◆ **Activity**
Everything in the records must appear again exactly, except the images.
┌─ Data provided
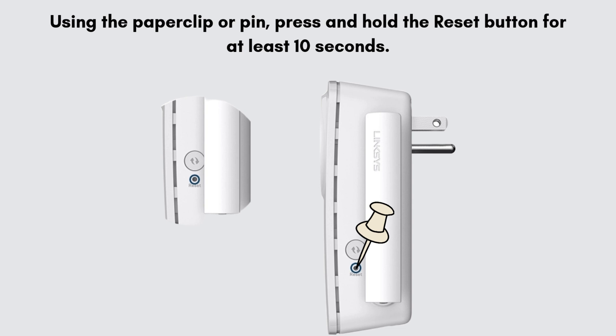Using the paper clip or pin, press and hold the reset button for at least 10 seconds. The LED light on the extender may start blinking during this time.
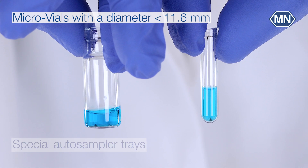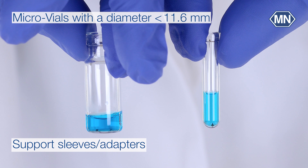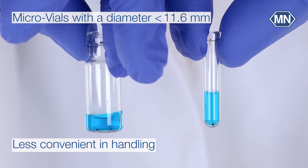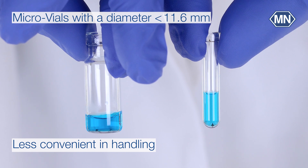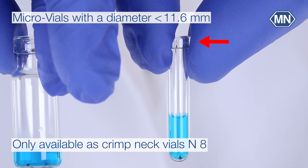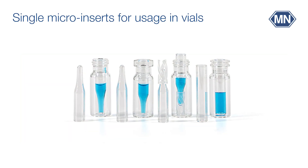Depending on the instrument, special autosampler trays might be required. Support sleeves or adapters may be required to offer a standing position in the autosampler, making these less convenient to handle than standard sample vials. They are only available as crimp neck vials, size 8.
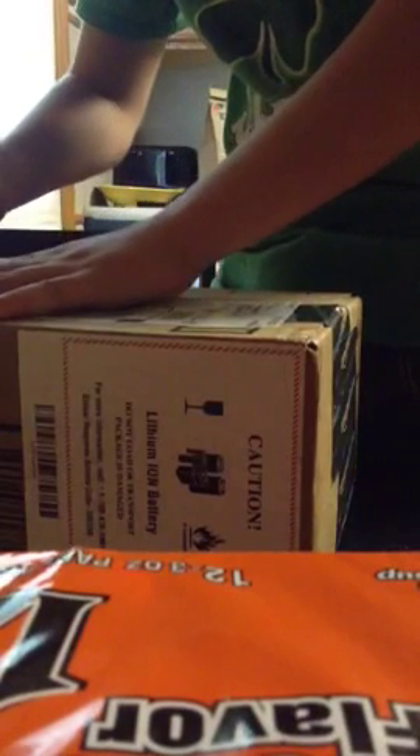Hey guys, I'm unboxing a LG Ultima Exceed 2. Verizon prepaid.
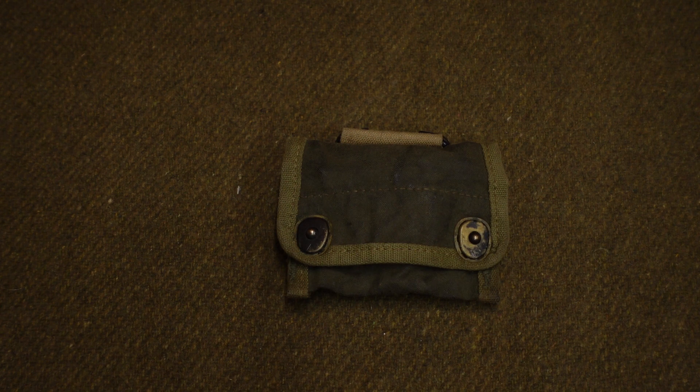You can get reproduction ones very cheap — they're actually a bit bigger than a real one, because the reproduction compasses are also a bit bigger than a real one, a lot of them anyway. Or you can just get yourself an original; they're not the rarest item, however they do sometimes go for a lot of money. At the time of making this video, I know there's one for sale on Facebook for over $80, which is absolutely insane. You can normally get them considerably cheaper than that — I think this one in front of you right here was £5. So don't get ripped off for a compass pouch, they're not that expensive.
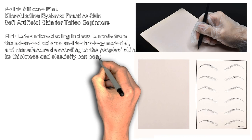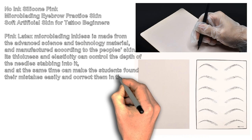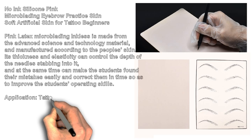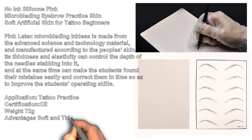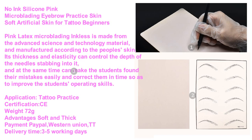No Ink Silicone Pink Microblading Eyebrow Practice Skin — Soft Artificial Skin for Tattoo Beginners. Pink Latex Microblading practice skin is made from advanced science and technology material, manufactured according to human skin. Its thickness and elasticity can control the depth of needle penetration, and at the same time help students find their mistakes easily and correct them in time, improving operating skills.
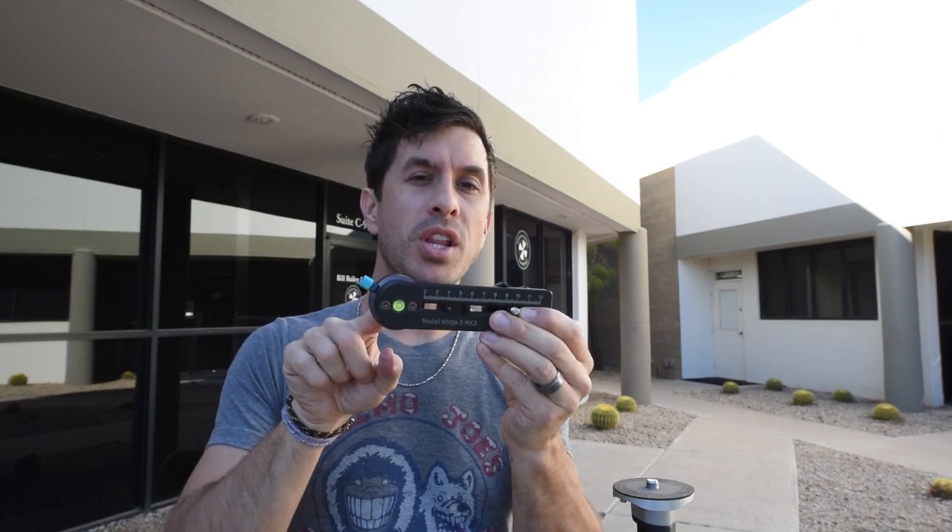We've ventured outside — we're out in the field. You might hear some ambient noise: planes, birds, automobiles. As photographers, that's what we do — we go out in the field, we hear, we see, we capture the world around us. We're going to put this product on the tripod one more time and show you the setup. Just like we talked about before, this is the lower assembly — it goes on the top of the tripod head and simply screws on.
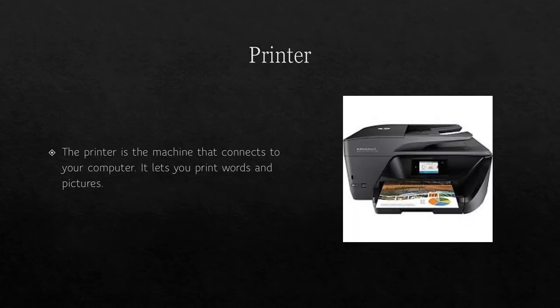The printer is the machine that connects to your computer — it lets you print words and pictures. The one pictured is very similar to the printer I have been printing all of your stuff on. What kind of printer do you guys have?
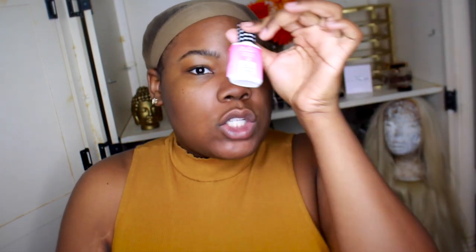This is the Isha lace bonding glue. This is Absolute. The Absolute is a stronger bond that will stay on a little bit longer than the other one, which is Firm. So we're going to use the Firm one today — it is the Isha Luxury Wig Fashion Firm lace bond glue — and I actually got the remover as well, so I love that it does come with the remover.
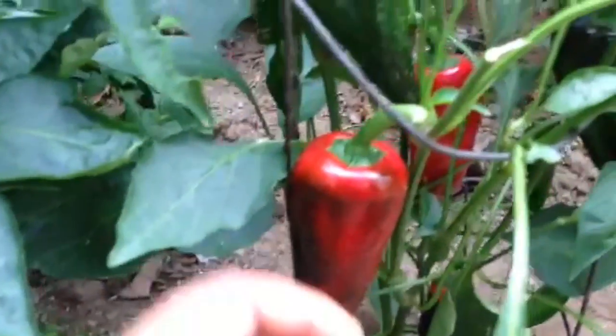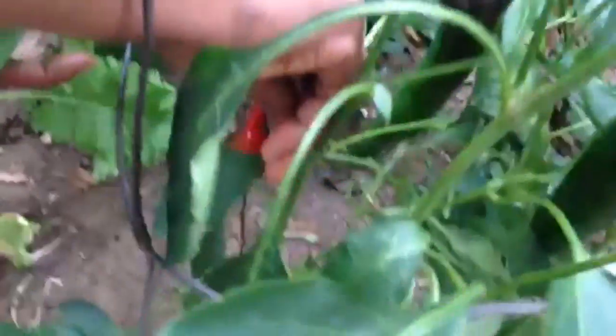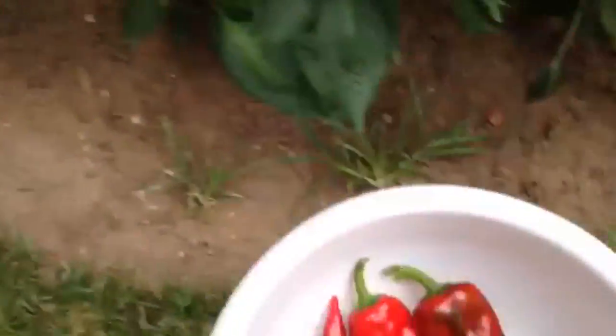Now we're going to harvest the chili pepper. See this big one here is ready. Still harvesting the chili pepper.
└─
◆ **Exercise result**
Using the paper clip or pin, press and hold the reset button for at least 10 seconds. The LED light on the extender may start blinking during this time.
Depending on the instrument, special autosampler trays might be required. Support sleeves or adapters may be required to offer a standing position in the autosampler, making these less convenient to handle than standard sample vials. They are only available as crimp neck vials, size 8.
Hey guys, I'm unboxing a LG Ultima Exceed 2. Verizon prepaid.
You can get reproduction ones very cheap — they're actually a bit bigger than a real one, because the reproduction compasses are also a bit bigger than a real one, a lot of them anyway. Or you can just get yourself an original; they're not the rarest item, however they do sometimes go for a lot of money. At the time of making this video, I know there's one for sale on Facebook for over $80, which is absolutely insane. You can normally get them considerably cheaper than that — I think this one in front of you right here was £5. So don't get ripped off for a compass pouch, they're not that expensive.
No Ink Silicone Pink Microblading Eyebrow Practice Skin — Soft Artificial Skin for Tattoo Beginners. Pink Latex Microblading practice skin is made from advanced science and technology material, manufactured according to human skin. Its thickness and elasticity can control the depth of needle penetration, and at the same time help students find their mistakes easily and correct them in time, improving operating skills.
We've ventured outside — we're out in the field. You might hear some ambient noise: planes, birds, automobiles. As photographers, that's what we do — we go out in the field, we hear, we see, we capture the world around us. We're going to put this product on the tripod one more time and show you the setup. Just like we talked about before, this is the lower assembly — it goes on the top of the tripod head and simply screws on.
The printer is the machine that connects to your computer — it lets you print words and pictures. The one pictured is very similar to the printer I have been printing all of your stuff on. What kind of printer do you guys have?
This is the Isha lace bonding glue. This is Absolute. The Absolute is a stronger bond that will stay on a little bit longer than the other one, which is Firm. So we're going to use the Firm one today — it is the Isha Luxury Wig Fashion Firm lace bond glue — and I actually got the remover as well, so I love that it does come with the remover.
Now we're going to harvest the chili pepper. See this big one here is ready. Still harvesting the chili pepper.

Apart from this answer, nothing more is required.